Methods: Of 129 eligible patients, 66 received peginterferon alfa-2b and ribavirin for 24 weeks, and 63 were controls. Survival and recurrence of liver failure events after therapy were main outcomes.

Results: Therapy was tolerated by 27 patients, dose reduced in 26 for toxicity, and discontinued in 13 for intolerance. End-of-therapy and sustained virological response (SVR) rates were 82.6% and 43.5% for HCV 2/3 patients, and 30.2% and 7.0% for HCV 1/4 patients. During therapy, odds ratios for severe infections or deaths due to infection were 2.95 (95% C.I. 0.93-9.3) and 1.97 (95% C.I. 0.40-9.51) in treated patients as compared with controls.

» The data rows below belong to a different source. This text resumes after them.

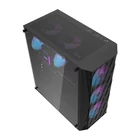 Kép 8/11 - Darkflash DK352 Mesh számítógépház + 4 ARGB ventilátor (fekete)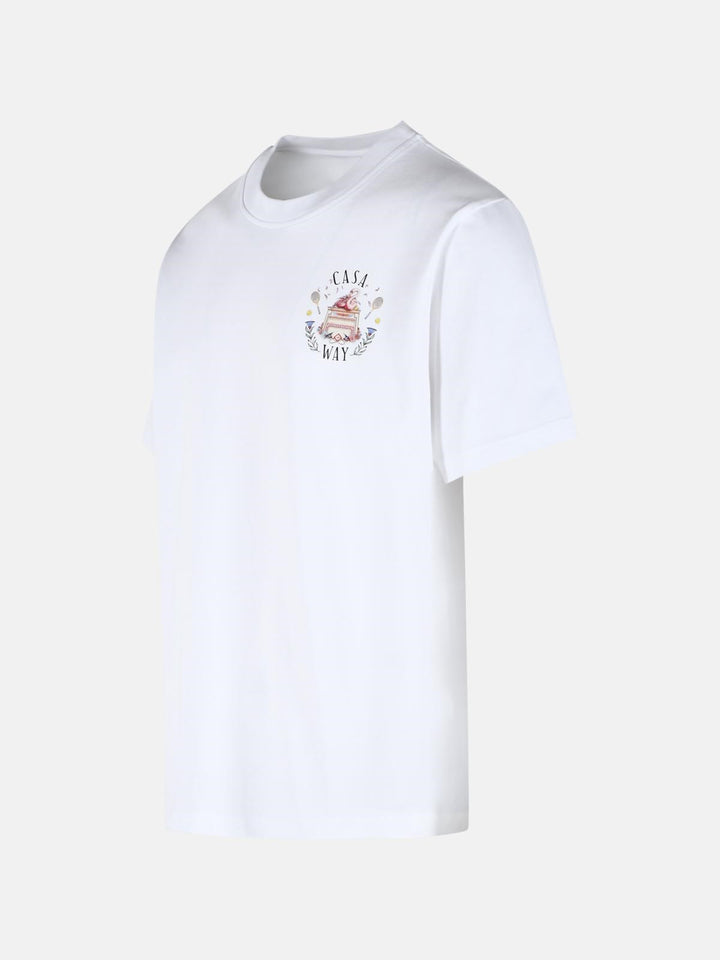 CASABLANCA - T-shirt Casa Way Blanc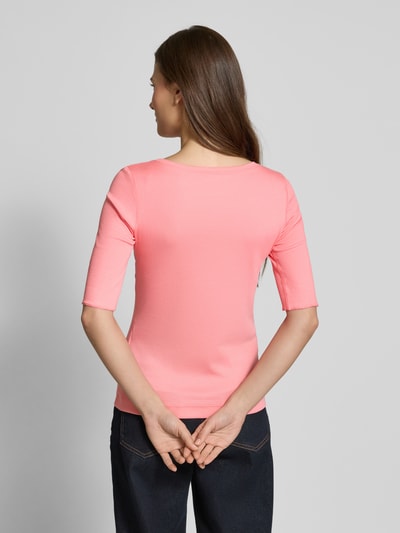 Marc Cain T-Shirt mit Label-Applikation Pink 5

During a follow-up of 30 months off-therapy, decompensated events occurred in 52, 33, and 3 of controls, non-responders, and SVR patients. Odds ratios for ascites, encephalopathy, and oesophageal bleeding in treated patients significantly decreased as compared with controls. Annualized incidence of death was 2.34, 1.91, and 0 per 1000 patient-years, respectively, in controls, non-responders, and SVR patients. Survival curves showed early separation of SVR patients from both non-responders and controls at approximately 6 months.

Conclusions: In decompensated cirrhotics, HCV clearance by therapy is life-saving and reduces disease progression.